Cenevre’de solun zaferi!

Cenevre Şehir Belediyesi Yönetim Konseyi seçimlerinin ikinci turunda, ortak listeyle yarışan sol ittifak sandıktan zaferle çıktı.

Cenevre Kantonu’ndaki halk 45 belediyeden 24’ünün belediye yönetim konseyi (Conseil administratif) üyelerini belirlemek üzere seçimlerin ikinci turu için sandık başına gitti. İlk turun 23 Mart’ta gerçekleştirilmesinin ardından, mutlak çoğunluğu sağlayamayan adaylar, bugün düzenlenen ikinci turda yarıştı. Cenevre Şehir Belediyesi için yapılan seçimler, yalnızca yerel değil aynı zamanda uluslararası düzeyde de yakından takip ediliyor. 

5 kişilik Cenevre Şehir Belediyesi Yönetim Konseyi, kentin yürütme organı olarak görev yapıyor. Her bir üye, kentteki farklı politika alanlarından – sosyal hizmetler, çevre, güvenlik, altyapı, kültür, ekonomi ve şehir planlaması vb– sorumlu bir "bakan" gibi çalışıyor.
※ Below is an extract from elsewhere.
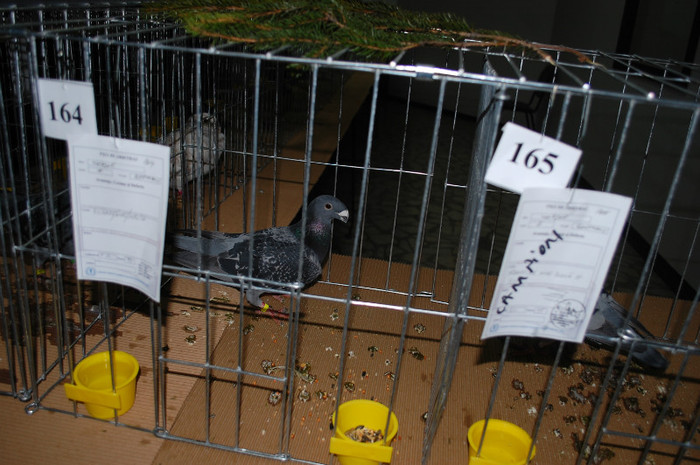 DSC_8464 - Expo 2012 Arges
Karar alma süreçlerinde oldukça etkili olan bu Konsey, Cenevre’nin hem günlük yaşamını hem de uzun vadeli gelişimini şekillendiriyor.

Bu kritik görevler için yarışan adaylar arasında sol partilerden oluşan ittifak büyük bir başarı elde etti. İlk sonuçlara göre, Sosyalist Parti’den (SP) mevcut belediye başkanı Christina Kitsos, 17.014 oy alarak açık ara birinci oldu. Onu 14.950 oyla Yeşiller Partisi’nden Alfonso Gomez izledi. Yönetim Konseyi’ne seçilen diğer isimler ise Sosyalist Parti’den Joëlle Bertossa, Yeşiller’den Marjorie de Chastonay ve Merkez Parti’den Marie Barbey-Chappuis oldu.

Bu sonuçlarla birlikte sol ittifak, Cenevre Belediye Yönetim Konseyi’ndeki çoğunluğunu korumuş oldu. Konseye seçilen isimler Avrupa’nın en önemli diplomasi merkezlerinden biri olan Cenevre’nin küresel konumunu da şekillendiren kararlarda söz sahip olacak. 

Sandıktan zaferle çıkan adaylardan Sosyalist Parti'li Christina Kitsos ve Yeşiller’den Alfonso Gomez, kısa süre önce ajansımıza verdikleri röportajda, Önder Apo’nun “Barış ve Demokratik Toplum Çağrısı"nı memnuniyetle karşıladıklarını ifade ederek, Kürt sorununun demokratik çözümü için Cenevre’nin uluslararası bir diyalog ve müzakere merkezi olma potansiyelini taşıdığını vurgulamışlardı.

İki isim de çatışmaların sona ermesi ve kalıcı bir barışın sağlanması için yerel yönetimlerin diplomatik sorumluluk üstlenebileceğini belirtmişti. Her iki ismin yaptığı bu açıklamalar, özellikle Cenevre’nin diplomasi ve insan hakları alanındaki tarihi misyonuyla da örtüşüyor.